But while child mortality is relatively straightforward to interpret, life expectancy is a bit more difficult. I always ask my students what “life expectancy” means. Most of the time, I get a response along the lines of “it is how long we expect someone born today to live.” This, however, is not quite right! Instead, it uses current age-specific mortality rates to calculate the average number of years a person can expect to live if they were to experience the age-specific mortality rates of a given period over the course of their life. What?
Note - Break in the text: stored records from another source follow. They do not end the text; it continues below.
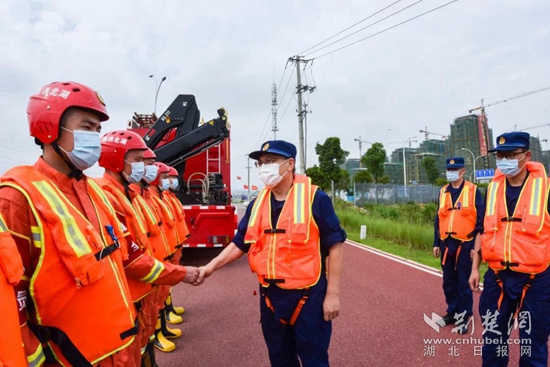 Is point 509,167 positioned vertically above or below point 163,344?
above

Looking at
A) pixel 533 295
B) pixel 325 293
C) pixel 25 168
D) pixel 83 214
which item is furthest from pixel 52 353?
pixel 533 295

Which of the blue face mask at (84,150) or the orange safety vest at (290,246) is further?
the orange safety vest at (290,246)

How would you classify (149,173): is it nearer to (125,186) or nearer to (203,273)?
(125,186)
Let’s look at some data to put this in context. I have downloaded data from the UK’s Office of National Statistics, which you can find here. Specifically, I have taken the data on male life expectancy in England and copy-pasted that into a new csv file. Let’s load the data and see what it shows.
library(tidyverse)
data <- read_csv("mortalityengland.csv")
data <- data |>
select(age, mortality=`2021-2023`)
head(data)
## # A tibble: 6 × 2
## age mortality
## <dbl> <dbl>
## 1 0 0.00455
## 2 1 0.000244
## 3 2 0.000172
## 4 3 0.000106
## 5 4 0.000084
## 6 5 0.000086
Looking at the data, you can see that at age zero, the mortality value is 0.0045. This means that the probability a child dies before turning one is 0.0045, or 0.45 percent. Another way to think about this is that for every 100,000 children, 455 will die before their first birthday, while 99,545 will survive.
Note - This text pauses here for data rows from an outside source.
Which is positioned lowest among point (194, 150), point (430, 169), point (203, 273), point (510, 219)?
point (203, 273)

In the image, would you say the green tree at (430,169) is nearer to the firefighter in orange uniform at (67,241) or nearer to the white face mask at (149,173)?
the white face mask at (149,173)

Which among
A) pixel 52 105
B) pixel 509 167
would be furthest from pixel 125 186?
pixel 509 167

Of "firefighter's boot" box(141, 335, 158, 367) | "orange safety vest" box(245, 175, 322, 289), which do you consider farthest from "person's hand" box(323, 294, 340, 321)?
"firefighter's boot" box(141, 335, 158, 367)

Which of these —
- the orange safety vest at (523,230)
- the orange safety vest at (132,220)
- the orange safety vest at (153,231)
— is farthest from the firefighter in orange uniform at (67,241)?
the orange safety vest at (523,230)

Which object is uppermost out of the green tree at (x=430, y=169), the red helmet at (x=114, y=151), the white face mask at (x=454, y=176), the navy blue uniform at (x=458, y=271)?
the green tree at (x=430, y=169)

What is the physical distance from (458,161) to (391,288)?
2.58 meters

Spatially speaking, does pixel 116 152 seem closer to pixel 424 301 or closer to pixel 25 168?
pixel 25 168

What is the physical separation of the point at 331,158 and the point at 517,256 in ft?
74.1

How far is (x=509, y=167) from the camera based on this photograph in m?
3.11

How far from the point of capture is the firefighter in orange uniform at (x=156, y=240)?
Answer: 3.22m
Of those survivors, we can continue to age one, where age-specific mortality is 0.0002. We can do the same calculation, and see that approximately 99,521 children, out of the original 100,000, will survive to their second birthday.[1]
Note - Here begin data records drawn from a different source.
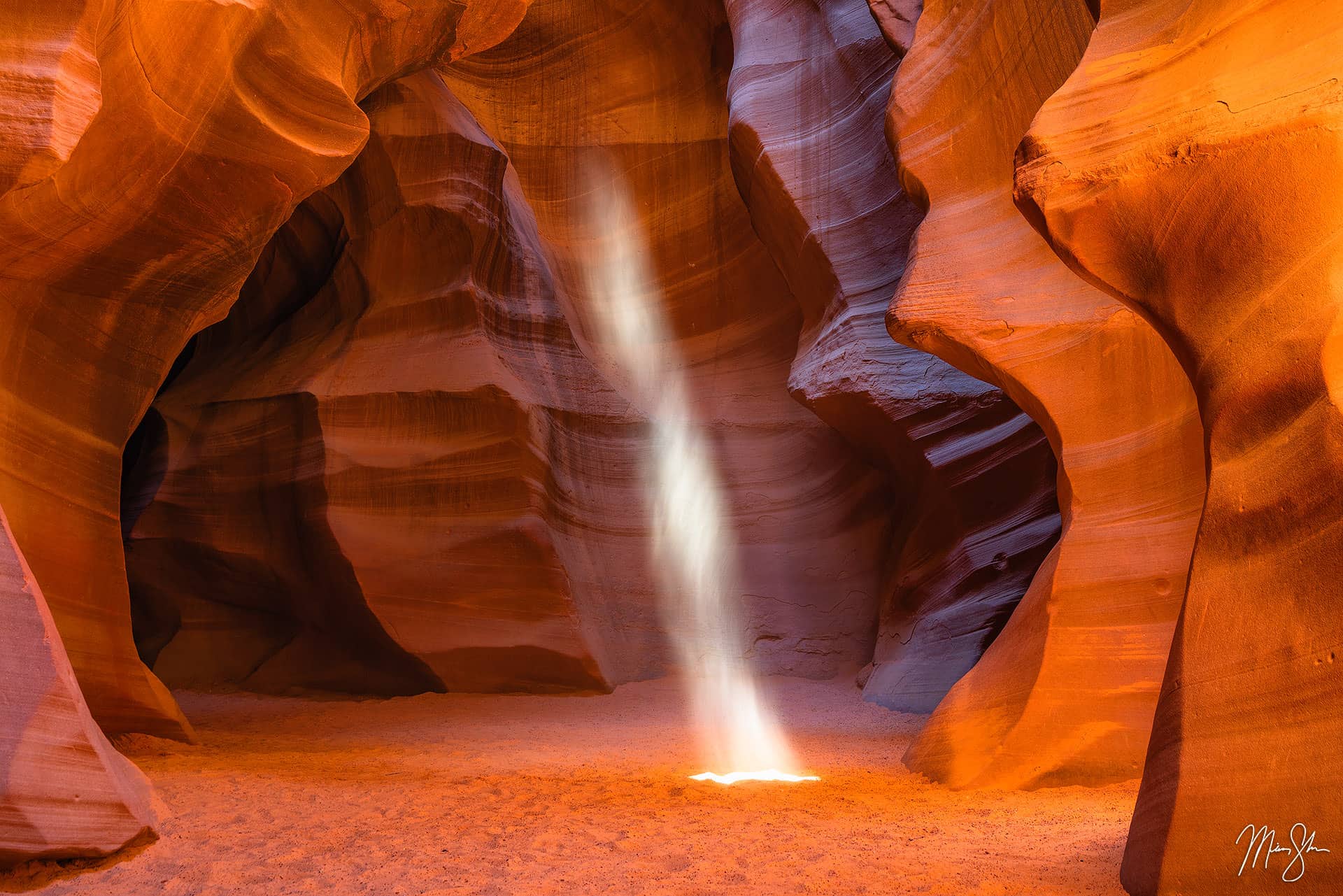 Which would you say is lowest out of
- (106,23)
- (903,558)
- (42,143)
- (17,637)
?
(903,558)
Now, you could imagine going through this process with all 100,000 newborns, calculating the probability of surviving or dying at a given age, using these age-specific mortality rates. We could make sure to note the age at which a hypothetical person dies, and then using this age for our 100,000 people, calculate the average age at death. This is exactly what life expectancy is: it is the average age at death using current age-specific mortality rates.
Let’s do that with the data. First, a small note: the data I downloaded stops at age 100. We are going to assume anyone still alive at 100 dies then. This means that our life expectancy calculation will be slightly low, but it should still give you a good idea of how this works. Let’s make that change at age 100:
# assume everyone dies at 100
data$mortality[data$age==100] <- 1
Now, we are going to calculate the probability of surviving at each age, for 100,000 different people. We will do this using one of R
’s most powerful tools: apply functions. When I first learned R
, I avoided these and defaulted to for loops, which is what I was use to. But the apply functions are much faster and more efficient. We can do this in one line of code:
# get 100,000 people, randomly draw values
set.seed(130945)
random_samples <- sapply(data$mortality, function(x) sample(0:1, 100000, prob=c(1-x, x), replace = TRUE))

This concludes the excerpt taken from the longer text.